Having regard to all the circumstances of the case and making its
assessment on an equitable basis, it awards the applicant the amount
as calculated by him in respect of non-pecuniary damage, that is, EUR
27,467, in full, plus any tax that may be chargeable.
B. Costs and expenses
- The
applicant, submitting documentary evidence, also claimed a total of
EUR 8,325.27 (including VAT) for the costs and expenses incurred
before the domestic courts and before this Court. The costs and
expenses comprised lawyers’ fees of EUR 1,183.20 for the
constitutional complaint in the proceedings here at issue, lawyers’
fees of EUR 5,382.40 for another constitutional complaint and for the
representation before this Court, as well as further lawyers’
fees of EUR 1,759.67 for disciplinary proceedings and proceedings
concerning his medical treatment.
- The
Government considered that the applicant had not sufficiently
substantiated his claims for costs as the content of the agreements
between the applicant and his lawyers was not clear from the invoices
submitted.
- According
to the Court’s case-law, an applicant is entitled to the
reimbursement of costs and expenses only in so far as it has been
shown that these have been actually and necessarily incurred and were
reasonable as to quantum. In the present case, regard being had to
the documents in its possession and the above criteria, the Court
considers that only the costs incurred in the proceedings before the
Federal Constitutional Court in the proceedings here at issue and
those incurred in the proceedings before this Court were necessarily
incurred to prevent the Convention violations at issue.
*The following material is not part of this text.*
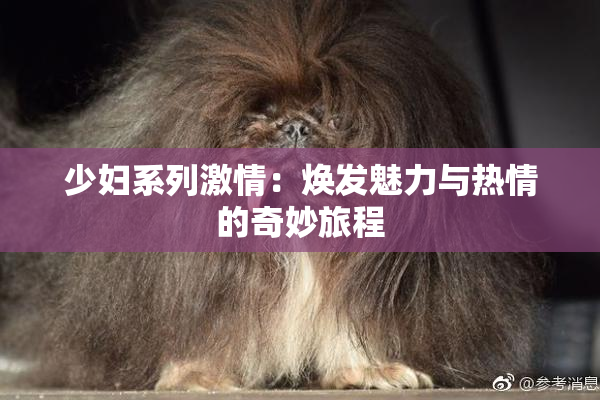 少妇系列激情：焕发魅力与热情的奇妙旅程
It considers
it reasonable to award the sum of EUR 4,000 covering costs under all
heads, plus any tax (including VAT) that may be chargeable to the
applicant.
C. Default interest
- The
Court considers it appropriate that the default interest should be
based on the marginal lending rate of the European Central Bank, to
which should be added three percentage points.
FOR THESE REASONS, THE COURT UNANIMOUSLY
- Declares the complaints under Article 5 § 1
and Article 7 § 1 concerning the retrospective extension of the
applicant’s preventive detention beyond a period of ten years
admissible and the remainder of the application inadmissible;
- Holds that there has been a violation of Article
5 § 1 of the Convention;
- Holds that there has been a violation of Article
7 § 1 of the Convention;
- Holds
(a) that
the respondent State is to pay the applicant, within three months
from the date on which the judgment becomes final in accordance with
Article 44 § 2 of the Convention;
(i) EUR
27,467 (twenty-seven thousand four hundred and sixty-seven euros),
plus any tax that may be chargeable, in respect of non-pecuniary
damage;
(ii) EUR
4,000 (four thousand euros), plus any tax that may be chargeable to
the applicant, in respect of costs and expenses;
(b) that
from the expiry of the above-mentioned three months until settlement
simple interest shall be payable on the above amounts at a rate equal
to the marginal lending rate of the European Central Bank during the
default period plus three percentage points;
- Dismisses the remainder of the applicant’s
claim for just satisfaction.
Done in English, and notified in writing on 14 April 2011, pursuant
to Rule 77 §§ 2 and 3 of the Rules of Court.